(EXCERPTED DATA)
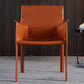 Solid Back Dining Chair Designer Style Leather Meeting Room Arm Chair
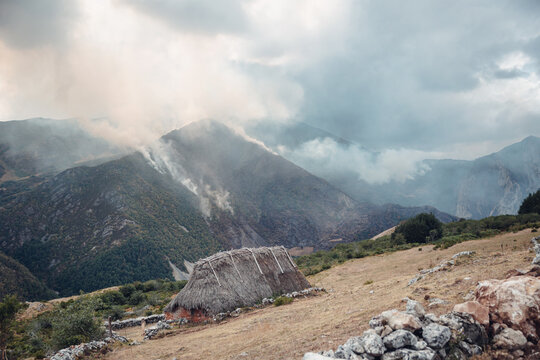 Smoke from forest fires in Somiedo Valley, Asturias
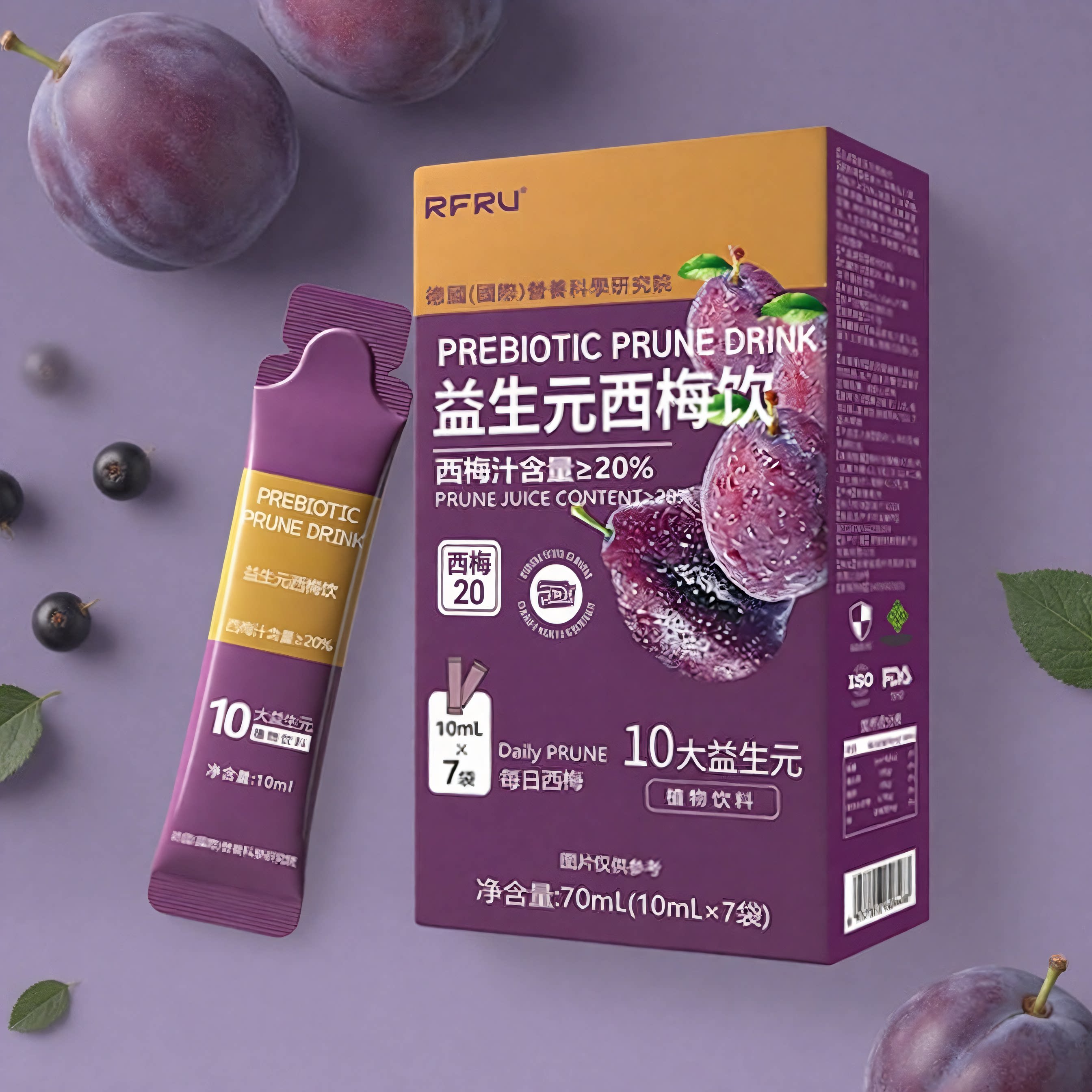 RFRU益生元西梅饮3盒装膳食纤维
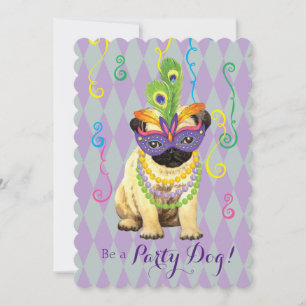 Mardi Gras Pug Inbjudningar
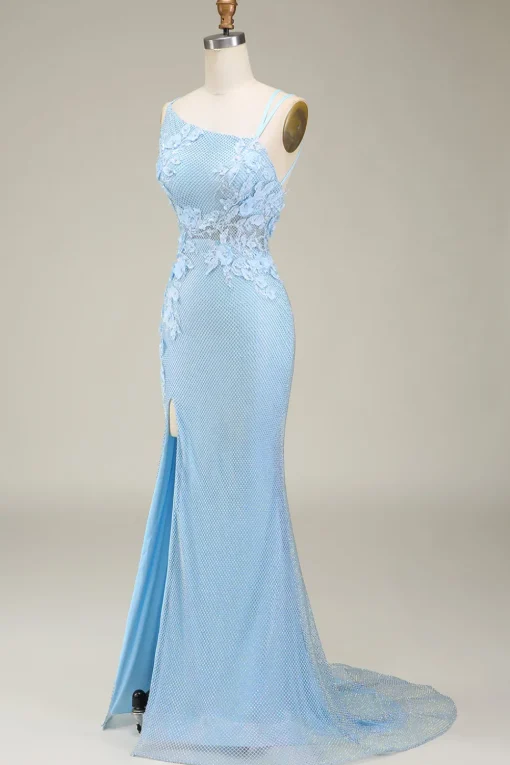 Stylish Mermaid Light Blue Long Prom Dress with Appliques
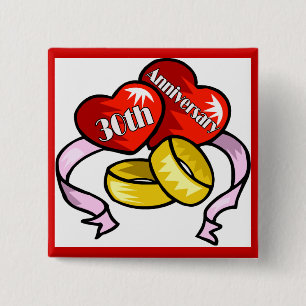 30th Wedding Anniversary Buttons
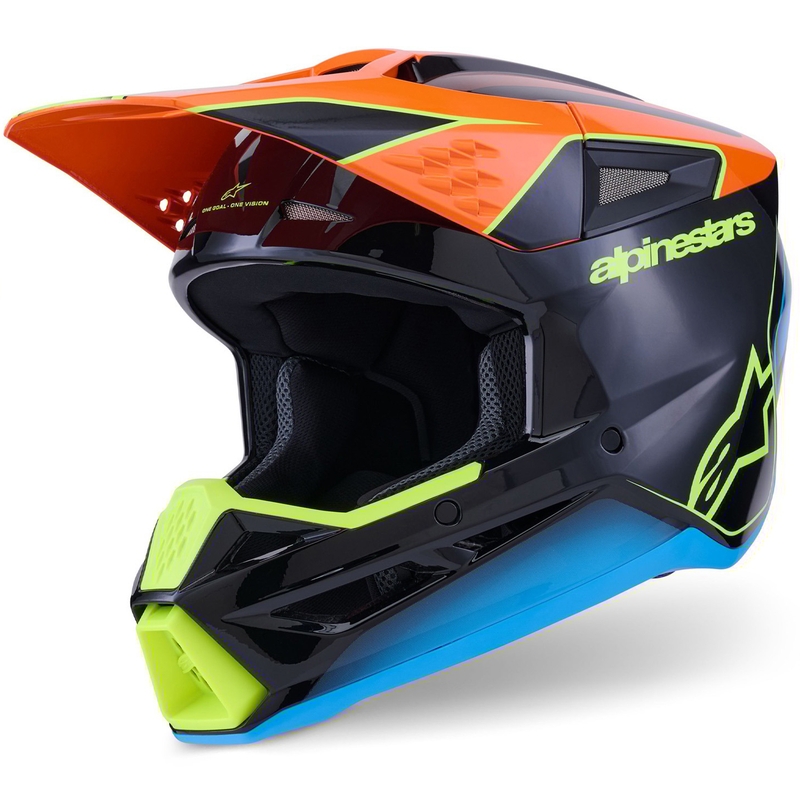 Alpinestars S-M3 Fray crosshelm zwart-fluo oranje-fluo geel-turquoise
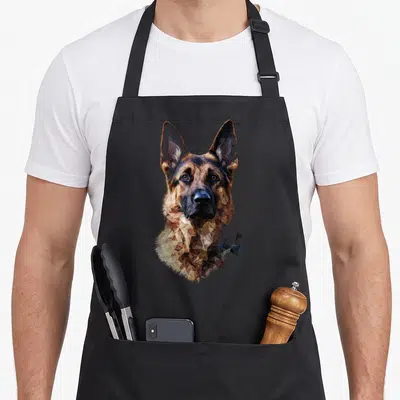 Tablier de cuisine noir avec portrait stylisé de Berger allemand en art polygonal aux teintes brunes et noires.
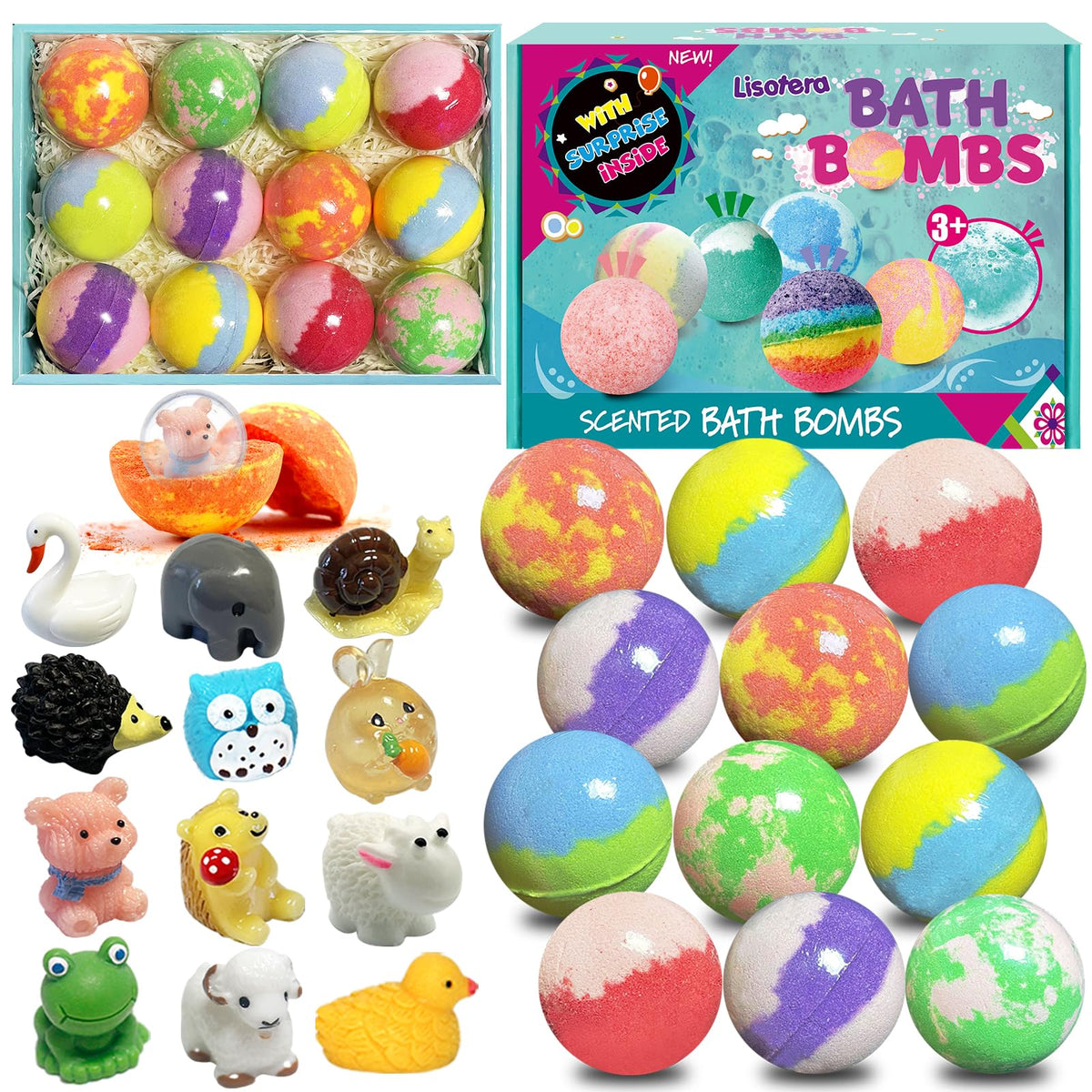 Lisotera Bath Bombs for Kids in assorted colours and scents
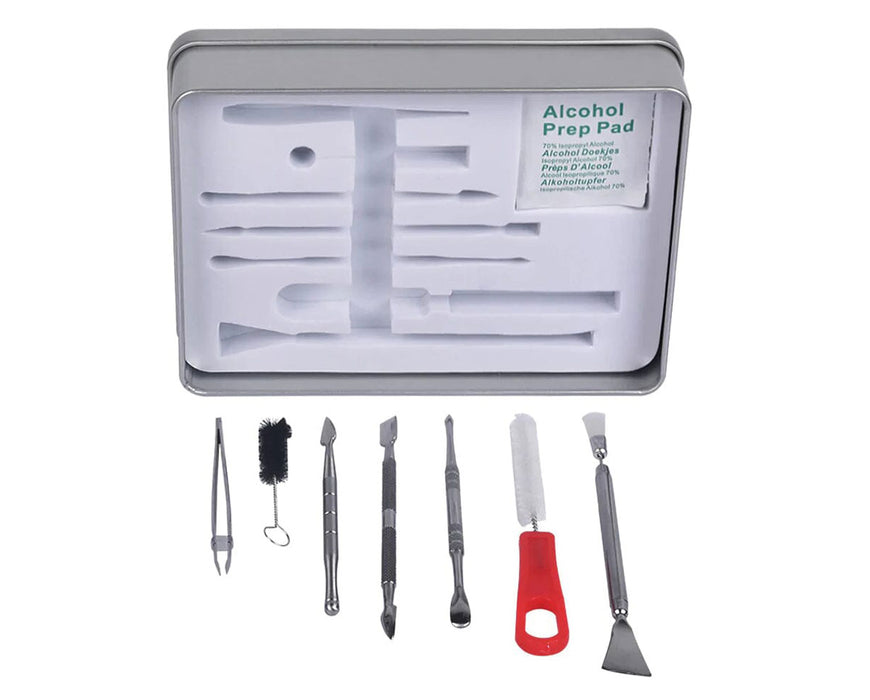 Rosineer tool kit with alcohol prep pad and dab tools arranged in an open silver tin case.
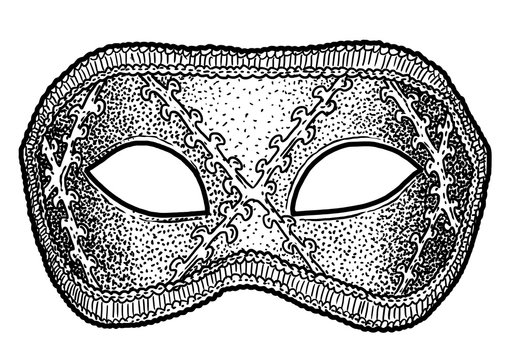 Venetian mask illustration, drawing, engraving, ink, line art, vector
(End EXCERPTED DATA)
Omit every picture, then reproduce the rest of the listing exactly.

 Solid Back Dining Chair Designer Style Leather Meeting Room Arm Chair
 Smoke from forest fires in Somiedo Valley, Asturias
 RFRU益生元西梅饮3盒装膳食纤维
 Mardi Gras Pug Inbjudningar
 Stylish Mermaid Light Blue Long Prom Dress with Appliques
 30th Wedding Anniversary Buttons
 Alpinestars S-M3 Fray crosshelm zwart-fluo oranje-fluo geel-turquoise
 Tablier de cuisine noir avec portrait stylisé de Berger allemand en art polygonal aux teintes brunes et noires.
 Lisotera Bath Bombs for Kids in assorted colours and scents
 Rosineer tool kit with alcohol prep pad and dab tools arranged in an open silver tin case.
 Venetian mask illustration, drawing, engraving, ink, line art, vector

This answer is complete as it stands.